Looks like you might want to rotate that circulator 90 degrees. So the motor shaft is horizontal.


----------



## SIERRADMAX (Jan 18, 2013)

Noted. Thanks


----------



## Tinder (Jan 18, 2013)

SIERRADMAX said:


> Will I be better off getting the damper lower to reduce the risk of back-puffing?


Definitely! IMO that's a huge part of your problem.


----------



## maple1 (Jan 18, 2013)

If the white thing on the end of the T is a barometric damper, I like that spot. It is out of the natural smoke stream, and it makes a good cleanout - you could just stick an ash scraper tool in there & drag out any ash that accumulates in the horizontal pipe without taking anything apart, and even get some out of the back of the boiler if your cleaning tool is bendy or can go around corners a bit.

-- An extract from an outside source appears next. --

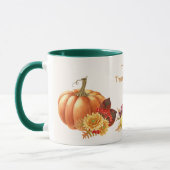 Mug Musique des Citrouilles de Thanksgiving (Gauche)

So is the layout in that pic the same layout that has smoke coming out of the damper?


----------



## taxidermist (Jan 18, 2013)

I could only install mine low because it was a after thought. I am glad I did it wotks great.

Rob


----------



## SIERRADMAX (Jan 18, 2013)

maple1 said:


> So is the layout in that pic the same layout that has smoke coming out of the damper?


 
Yes, Smoke is still coming out of the damper in that location.


----------



## maple1 (Jan 18, 2013)

That still seems odd to me, but others have said they've seen the same thing, so there ya go.

I'm doubtful though that putting it lower will improve that situation though - if the smoke is coming down that far, it'll likely come down lower too.

Did you try, when the smoke was coming out, temporarily opening a window just to see if that helped?


----------



## taxidermist (Jan 18, 2013)

maple1 said:


> That still seems odd to me, but others have said they've seen the same thing, so there ya go.
> 
> I'm doubtful though that putting it lower will improve that situation though - if the smoke is coming down that far, it'll likely come down lower too.
> 
> Did you try, when the smoke was coming out, temporarily opening a window just to see if that helped?


 yeah the only thing that will make the smoke quit coming down is to light the EB and shut off the wood stove. lol


----------



## goosegunner (Jan 18, 2013)

Your wood stove is probably using the boiler flue to draw make up air into the house. 

I added a 8" kitchen strainer over my barometric damper. I had a few puffs the produced embers out of my damper. It is an extra precaution that I would recommend.

gg


----------